Ha ! yeah wording was a bear to explain this.. This stems from someone asking me to heat a fish stock longer cause it didn't taste bad yet. (plus he was using fatty fish not suited for it) So I tried to think of something I made that tasted bad to make something taste good and came up blank. Then I thought of pre-made stuff and came up with 'fish sauce' and anchovy paste. Yeah they would taste bad 'raw' but a couple drops in something would bring out great flavors. I was hoping to see if anyone had something else like it.


----------



## ecchef (Mar 11, 2013)

Turmeric.


----------



## franzb69 (Mar 11, 2013)

shrimp paste, pretty much anything fermented =D


----------



## Jmadams13 (Mar 11, 2013)

Sourdough starter. Mine is 17years old, smells like rot and gasoline, and tastes like the inside of a dead hippo, but the bread is so yummy


----------



## El Pescador (Mar 11, 2013)

Jmadams13 said:


> Sourdough starter. Mine is 17years old, smells like rot and gasoline, and tastes like the inside of a dead hippo, but the bread is so yummy



+1


----------



## Duckfat (Mar 11, 2013)

Sauerkraut. Stinks up the place but tastes great.


----------



## Dardeau (Mar 11, 2013)

Bitters. They all taste awful by themselves.


----------



## Mrmnms (Mar 11, 2013)

Dried porcini mushrooms


----------



## boomchakabowwow (Mar 11, 2013)

easy!

fish sauce! and anchovy paste..


----------



## Stumblinman (Mar 12, 2013)

sourdough starter I forgot about that one. I like the dried porcinis always thought that.


----------



## mhlee (Mar 12, 2013)

This isn't something I make, but XO sauce (smells horrible to some; I happen to love the smell and taste), isn't a great tasting or smelling product to some, but it's wonderful IMHO.


----------



## boomchakabowwow (Mar 12, 2013)

i add chicken livers to my meat sauce. 

it is gross..i food process it, and dump the "slurry" into the sauce. it adds something, but doesnt taste like liver..phew!


----------



## franzb69 (Mar 12, 2013)

> it is gross..i food process it, and dump the "slurry" into the sauce. it adds something, but doesnt taste like liver..phew!

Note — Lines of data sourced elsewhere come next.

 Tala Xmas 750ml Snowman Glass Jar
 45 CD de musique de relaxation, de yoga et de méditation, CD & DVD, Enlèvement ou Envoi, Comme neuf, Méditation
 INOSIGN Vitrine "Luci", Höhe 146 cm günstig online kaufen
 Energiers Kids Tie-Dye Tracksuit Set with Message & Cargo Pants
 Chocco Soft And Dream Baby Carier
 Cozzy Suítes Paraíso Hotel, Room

it's the bitter flavor that it gives.

i too would food process it if my guests don't like biting into whole chunks of offal.

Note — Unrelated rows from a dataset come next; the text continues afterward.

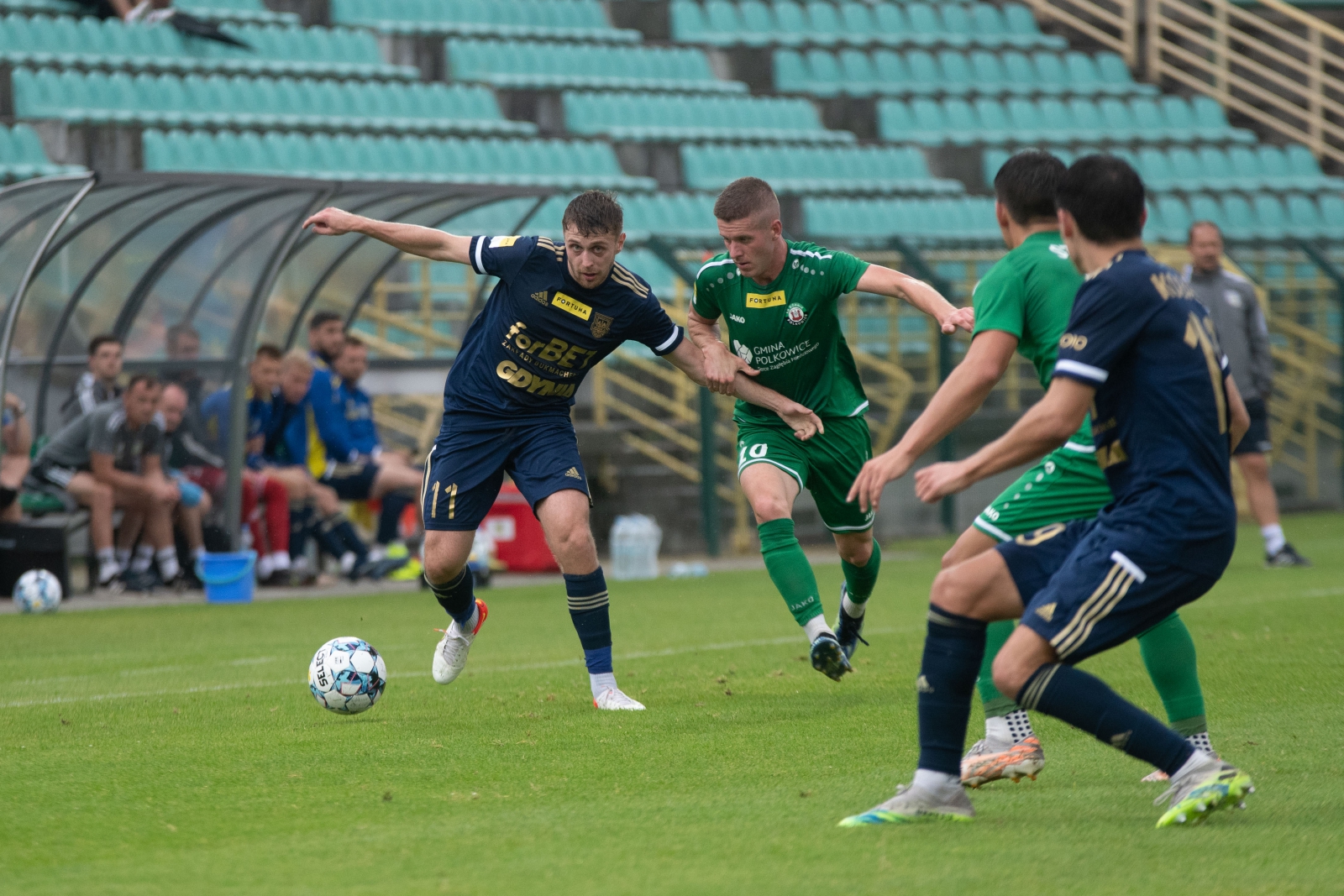 Zdjęcie Górnik Polkowice - Arka Gdynia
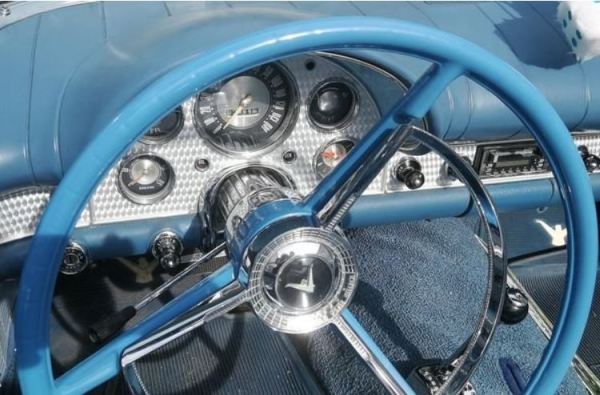 1957 Ford Thunderbird Interior Classic Driver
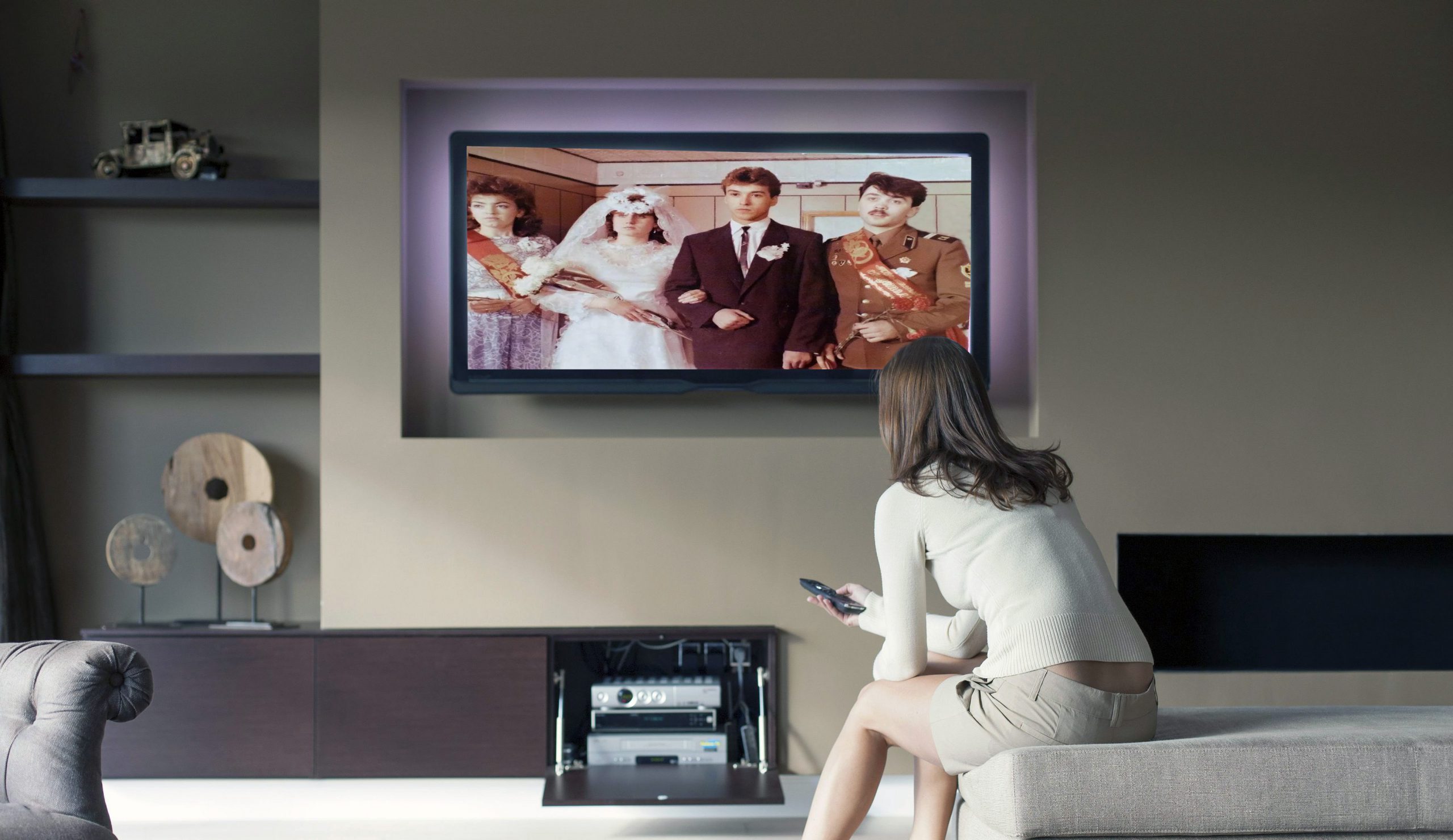 оцифровка VHS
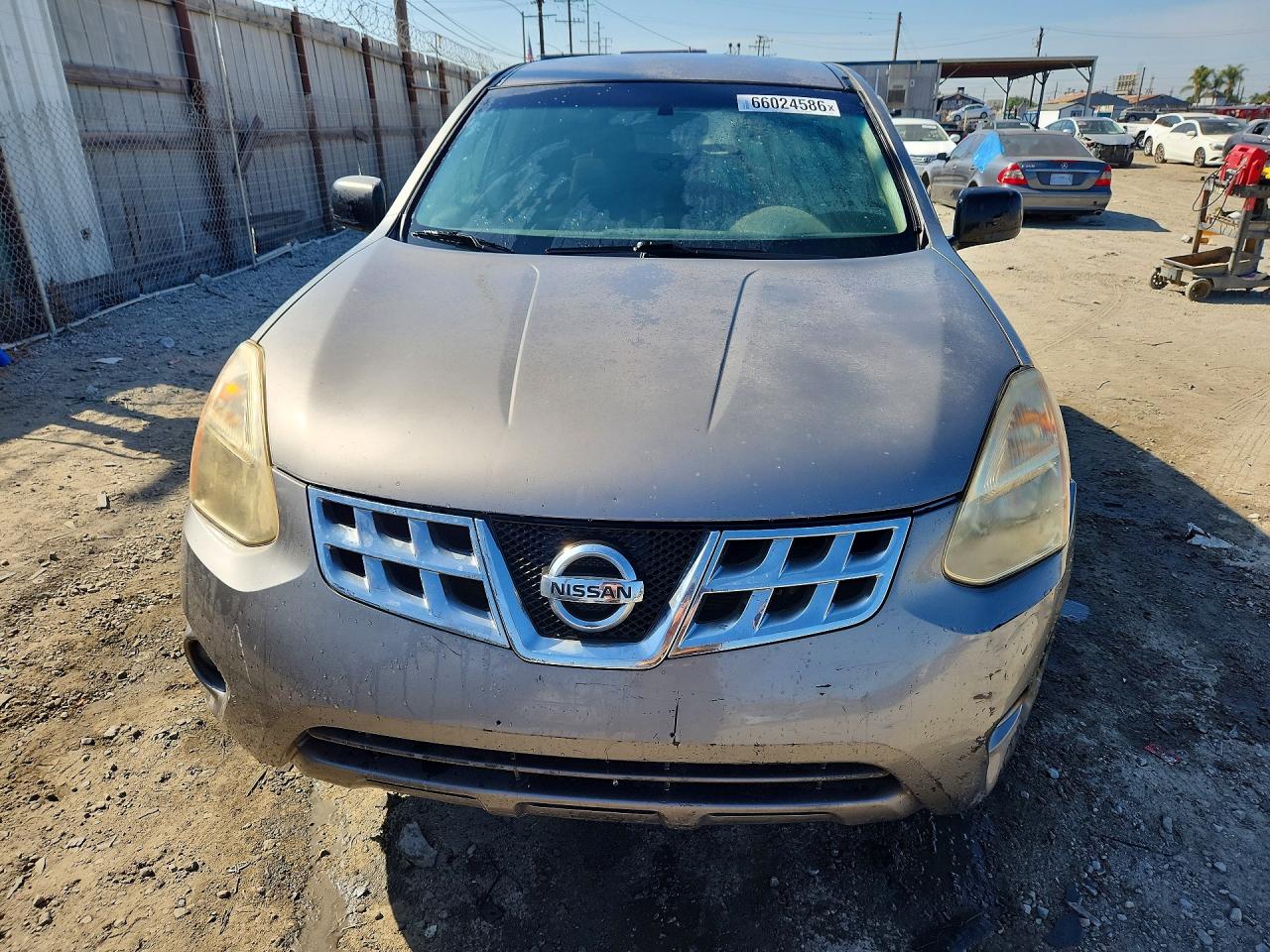 2012 Nissan Rogue S Brown vin: JN8AS5MT9CW274836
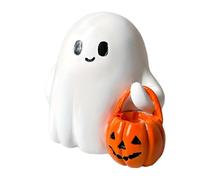 Ghoost Desk Lamp - Versatile Ghost Table Lamp Kit | Bedside Ghost Table Lamplight, Ghoost with Pumpkin Home Decoration for Study Room Reading Corner Bedroom Bathroom Kitchen Party Entryway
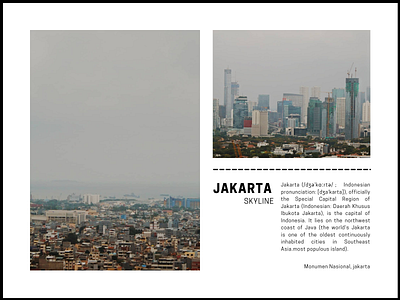 Jakarta citi design foodphotography indonesia instagram instagram template skyline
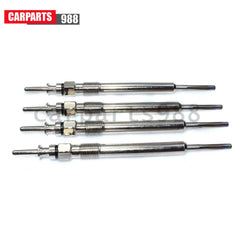 4Pcs Diesel Glow Plugs For BMW 530d 535d 730d 330d X3 X5 N57D30 3.0L 0250603006 6B93BC-57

but then again i'm asian, so you can only imagine the stuff we put in our dishes.

=D


we filipinos have been known to use bile as a bittering agent in our dishes. not that i have done it myself. but people do it here.


----------



## cclin (Mar 12, 2013)

Stinky tofu


----------



## Zwiefel (Mar 12, 2013)

Jmadams13 said:


> Sourdough starter. Mine is 17years old, smells like rot and gasoline, and tastes like the inside of a dead hippo, but the bread is so yummy



Hmmmm...you seem to have a lot of expertise on hippo carcass decomposition 



ecchef said:


> Turmeric.



People think turmeric tastes bad? I kinda like it...



boomchakabowwow said:


> easy!
> 
> fish sauce! and anchovy paste..



+1 fish sauce for sure.


----------



## rdpx (Mar 12, 2013)

boomchakabowwow said:


> anchovy paste..



I love this stuff straight up, on toast....


----------